Using the entries that follow, transcribe only the lines from the line with "E5 Esenyurt'ta seyir" to the line with "Pose d'une natte", both included, exactly as they stand and without pictures.

(INFORMATION GIVEN Opens)

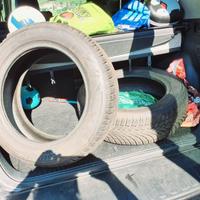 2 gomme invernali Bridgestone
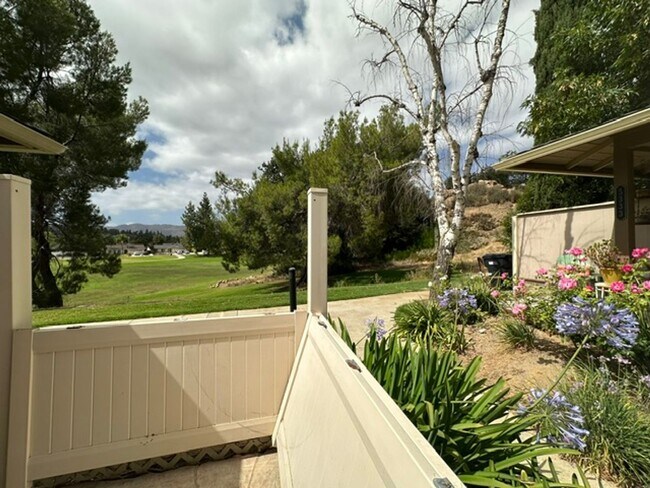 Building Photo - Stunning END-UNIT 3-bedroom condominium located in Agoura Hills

(INFORMATION GIVEN Closes)
(INFORMATION GIVEN Opens)

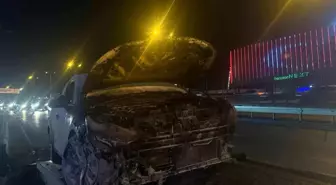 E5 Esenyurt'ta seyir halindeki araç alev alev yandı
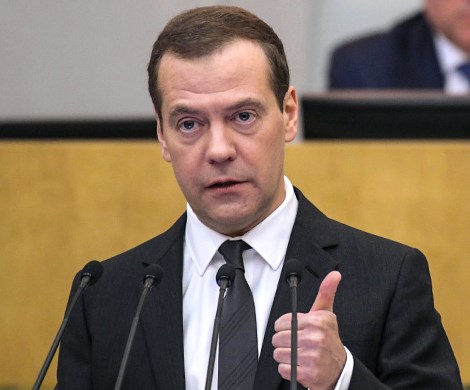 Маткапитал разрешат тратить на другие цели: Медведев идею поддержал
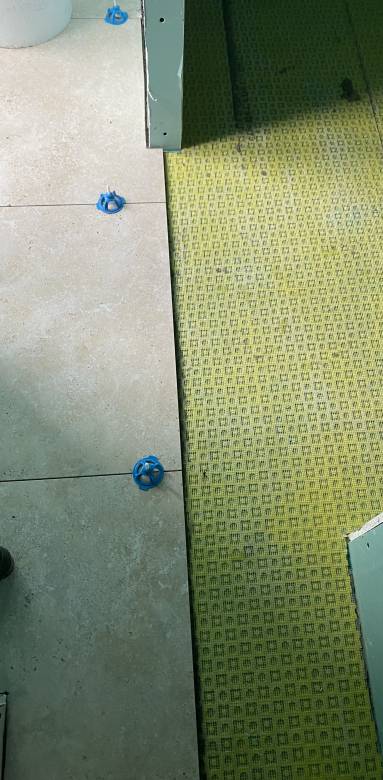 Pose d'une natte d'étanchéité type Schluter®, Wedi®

(INFORMATION GIVEN Closes)
(INFORMATION GIVEN Opens)

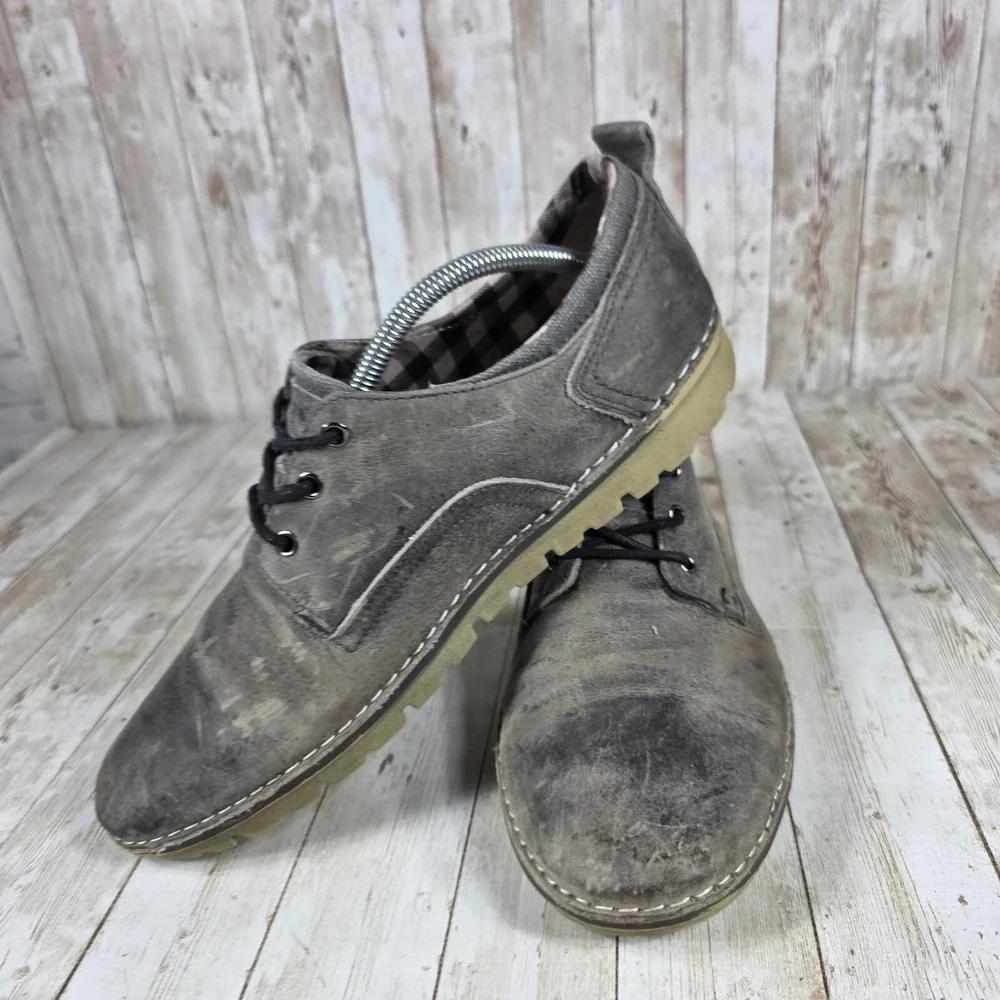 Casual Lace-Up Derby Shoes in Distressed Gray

(INFORMATION GIVEN Closes)

| WORKED SOLUTION |
 E5 Esenyurt'ta seyir halindeki araç alev alev yandı
 Маткапитал разрешат тратить на другие цели: Медведев идею поддержал
 Pose d'une natte d'étanchéité type Schluter®, Wedi®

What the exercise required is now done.